I read earlier that company behind the mythical Duke Nukem Forver, 3D Realms, has finally collapsed.

The game, as a follow up to the lauded Duke Nukem 3D, was announced any moons ago in 1997 and has been in devopment hell ever since, undergoing several engine changes. Up until now, the developers have insisted the game was sill coming.

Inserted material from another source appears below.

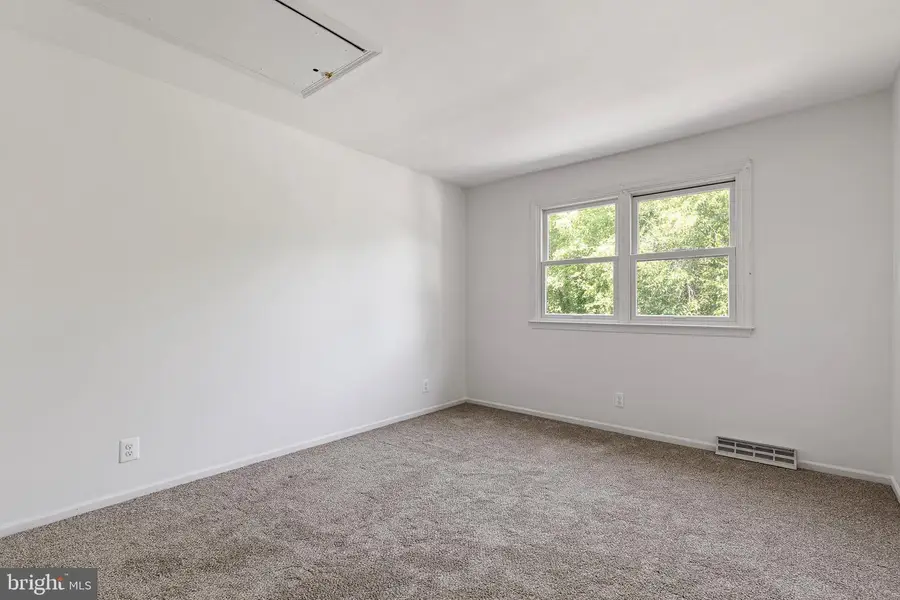 1040 Valley Rd, Hockessin, DE 19707 - #3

But today they announced they were finally closing the doors,and have finally put an end to the longest running joke in gaming history


----------



## Cayal (May 8, 2009)

It had the best trailer.

"I'm going to find an alien toilet to park my bricks" - classic line.


----------



## AE35Unit (May 8, 2009)

Does this mean no more Duke at all? I used to love the old PC game i used to have. Its time to kick ass and chew gum,and I'm all out of gum!   
I wish it would have come out on the DS!


----------



## Cayal (May 8, 2009)

Another company might pick it up


----------



## Duchessprozac (May 8, 2009)

AE35Unit said:


> Does this mean no more Duke at all? I used to love the old PC game i used to have. Its time to kick ass and chew gum,and I'm all out of gum!
> I wish it would have come out on the DS!



From what I can gather, Take-Two(Rockstar) still own the rights to the Duke, so there might be a chance it will see the light one day if they pass it on to another team.

I have heard somewhere that the remnants of 3DRealms are taking all the assets they have relating to DNF and will put them out under a different guise, although after all these years quite what kind of quality this will be is anyone's guess.

As for a DS port... There was a GBA version, but I didn't think it was too great, the controls were awkward, strippers were a no-no and most of the cool one-liners were removed.


----------



## Urlik (May 9, 2009)

if any one takes on DNF they have to put out a gorgeous game in record time or get slammed by the game playing public.

I doubt anyone will pick this up as, although it has a name that should sell it, the pressure on releasing it in a decent time frame and at a high standard might put people off (unless Take-Two have already given someone the nod and production started 6 months/1 year ago)


----------



## Cayal (May 9, 2009)

There was no real expectation for DNF. If anyone picked it up, the same would apply.


----------



## AE35Unit (May 9, 2009)

Duchessprozac said:


> As for a DS port... There was a GBA version, but I didn't think it was too great, the controls were awkward, strippers were a no-no and most of the cool one-liners were removed.



Yea i have that game but its a different scenario to the one i used to play. In fact i still have that old version on the PCs spare hard drive,back then it was published by TEN


----------